The Cardinal Primate of All Ireland last night made a dramatic plea for Catholics to pray constantly for the complete healing of victims of the ‘shameful legacy' of abuse within the Church and in society.

Opening the annual Knock Shrine novena — which is the most popular devotional event in the Church's calendar — Cardinal Sean Brady said he wanted to pray in particular for the victims of physical, emotional and sexual abuse.

Cardinal Brady made his public appeal three months after the publication of the Ryan Commissions shocking findings of systematic abuse in orphanages and reformatories run by religious orders.

The Cardinal was also preparing Catholics for further instances of horrific abuse of thousands of children by paedophile priests in the archdiocese of Dublin contained in the report by Judge Yvonne Murphy that is set for mention in the High Court next month.

But Cardinal Brady said he would not be commenting on the extent of abuse in the country’s largest diocese until the High Court had cleared for publication its findings in full or in edited form.

However, he underlined the devastating impact of the abuse scandals on the Irish Church when he highlighted the sufferings of victims of abuse as the priority prayer for up to 20,000 pilgrims over the next nine days to the Our Lady of Knock Shrine.

“I want to pray in particular for one group of people,” Cardinal Brady said in his opening remarks.

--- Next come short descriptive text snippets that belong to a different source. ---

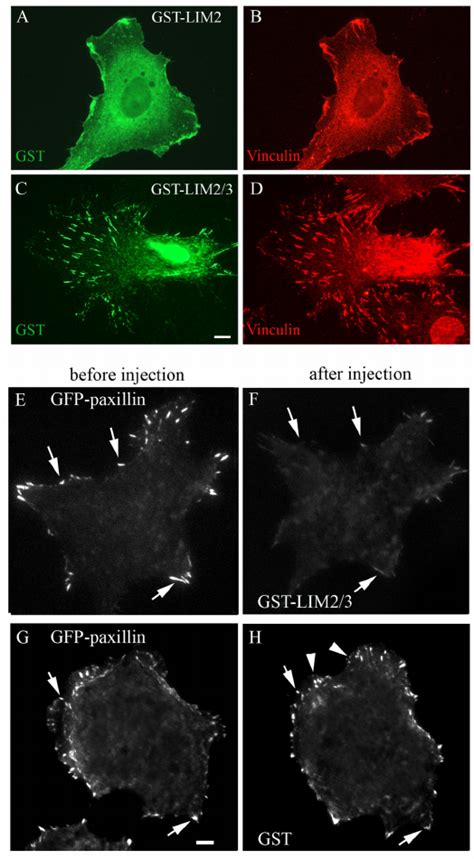 Lim Displaces Full Length Gfp Paxillin From Focal Adhesions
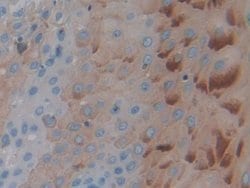 Invitrogen™ PTPRH Polyclonal Antibody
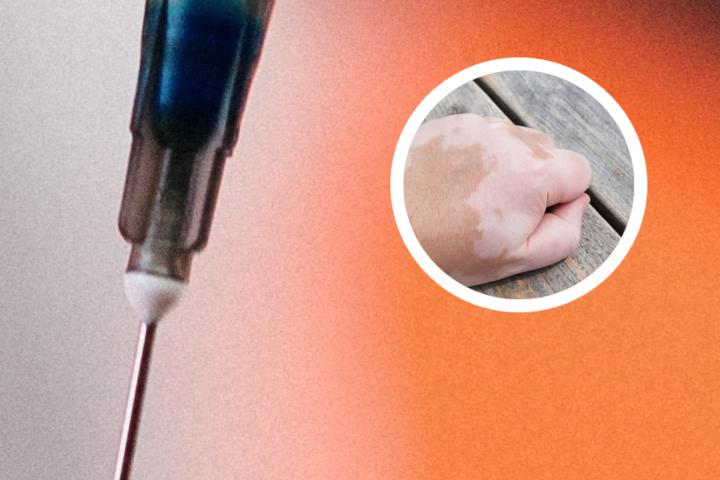白癜风人能用桑叶泡水喝吗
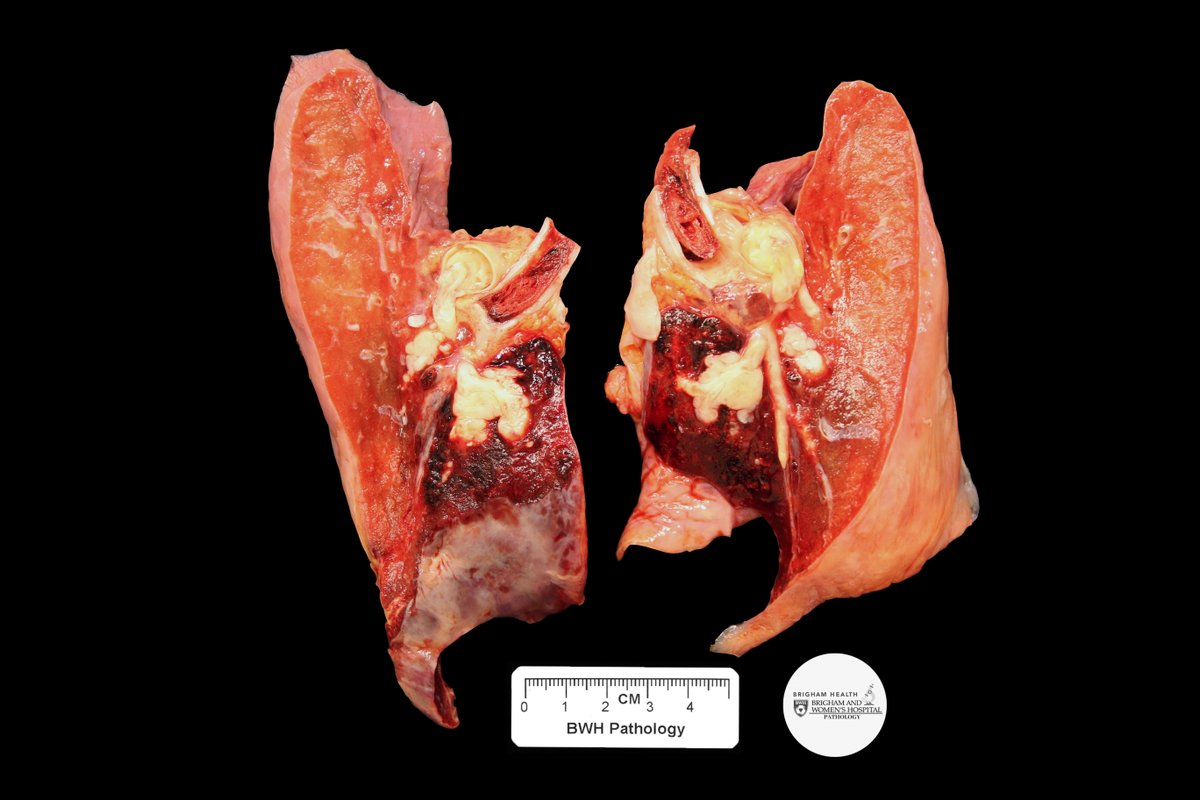 Welcome to the Gross Case of the Week! This week we have an autopsy case with interesting findings. #BWHgrossCOTW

“The people who have been broken and wounded through abuse of any kind, whether physical, emotional or sexual; or through neglect within the family or outside the family home, whether at the hands of clergy, religious or lay people.

“We pray that those most affected will be strengthened in their search for justice and healing for all that they have experienced and survived.”

“I invite all of you to pray now, and often, for the complete and total healing of all who have been hurt in any way by this shameful legacy of abuse within the Church and in society.”

Turning to the novena’s theme of The Seeds of Hope, the Cardinal, who celebrates his 70th birthday tomorrow, also prayed that the novena, marking the 130th anniversary of the reported apparition of Our Lady in the east Mayo village, would be a source of healing and renewal of hope for everyone and for Ireland.

But he warned the continued effort of individuals and groups to introduce abortion to Ireland and the increasing pressure to accede to legalised euthanasia are a fundamental threat to human hope.

“They threaten the inherent dignity of us all. Respect for life is a prerequisite of hope,” he added.

In a wide ranging address Cardinal Brady spoke of hope for political developments in Northern Ireland and for recovery from the current economic recession.

He appealed to economists who were Catholics to pioneer a new more socially caring approach to econonomic issues.